Description of the Files section

The Files section allows the user to specify the path to the input and output files, the names of the input and output files, the path for plots generated by the L5 processing and the full path and name of the u* threshold results file, see the screenshot below.

 Image of the Files section in an L5 control file

The entries in the Files section are as follows:

  1. file_path - the path to the data files
  2. in_filename - the input file name
  3. out_filename - the output file name
  4. plot_path - the path for plots generated by the L5 processing
  5. cpd_filename - the full path and name of the u* threshold results file
Editing the Files Section

The entries in Files section can be edited by right clicking on the entry in the Value column or by double clicking on the entry in the Value column and manually entering the required text.

The Imports Section (optional)

Description of the Imports Section

The Imports section is optional. When present, it allows the user to import data from an external file and have this data available within PyFluxPro.  The Imports section is available via the GUI and levels L3, L4, L5 and L6.

Editing the Imports Section
Adding an Imports Section

Open the control file in the GUI (must be L3, L4, L5 or L6) and right click on the Files section.  This will display a small context-sensitive menu and one of the items in this menu will be Add Imports section.

Image of add Imports section to an L5 control file.

Select the Add Imports section menu entry and the Imports section will be added to the control file.

Image of an empty Imports section in an L5 control file.

Editing the Imports Section

Now fill in the variable name to use for the data in PyFluxPro (e.g. EVI in the example below), the file name of the external file to be read (you can right click and browse to select the file) and the name of the variable you want to import from the external file (e.g. EVI_smoothed in the example below).

Image of a completed Imports section in an L5 control file.

Adding the Imports section as above will result in PyFluxPro creating a variable called EVI using the data from the variable EVI_smoothed read from the file Calperum_250m_16_days_EVI.nc.  It will then be available to be used as a driver when filling long gaps using PyFluxPro.

The Options Section

Description of the Options section

The Options section allows the user to specify the options that control some aspects of the L5 processing. A list of the options available can be displayed by right clicking on the Options section title in the Parameter column, see the screenshot below.

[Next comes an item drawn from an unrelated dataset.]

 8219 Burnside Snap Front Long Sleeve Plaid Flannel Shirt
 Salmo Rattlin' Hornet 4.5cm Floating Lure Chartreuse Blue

Image of the Options section in an L5 control file.

The options are as follows:

  1. MaxGapInterpolate - the maximum length, in hours, of gaps to be filled by interpolation, default 3.
  2. MaxShortGapDays - the maximum length, in days, of gaps to be filled by GapFillUsingMDS and GapFillUsingSOLO, default 14. A warning is issued if longer gaps are found in the data, the user can ignore this warning, continue and gaps will be filled as described under GapFillUsingSOLO.
  3. FilterList - a comma separated list of variables to be filtered, default Fco2.
  4. TurbulenceFilter - the type of turbulence filter to be applied to the variables listed in FilterList, default ustar.
  5. DayNightFilter - variable to use when defining night time and day time, default Fsd (incoming shortwave radiation).
  6. AcceptDayTimes - accept day time data even when u* is below the threshold, default Yes.
  7. UseEveningFilter - only accept data within a specified number of hours after sunset, default No.
  8. EveningFilterLength - number of hours after sunset for which data is to be accepted, default 0 (no evening filter).
  9. Fsd_threshold - value of incoming shortwave radiation that defines day time, default 10 W/m^2.
  10. TruncateToImports - if data is imported using the Imports section, truncate the site data to the last date in the imported data, default Yes.

The default values are used if an option is not specified in the Options section.

The ustar_threshold Section (optional)

Description of ustar_threshold Section

PyFluxPro allows the user to manually specify values for the u* threshold as an alternative to automatically reading the u* threshold values from an Excel workbook generated by the u* threshold detection routines. This is done using the ustar_threshold section.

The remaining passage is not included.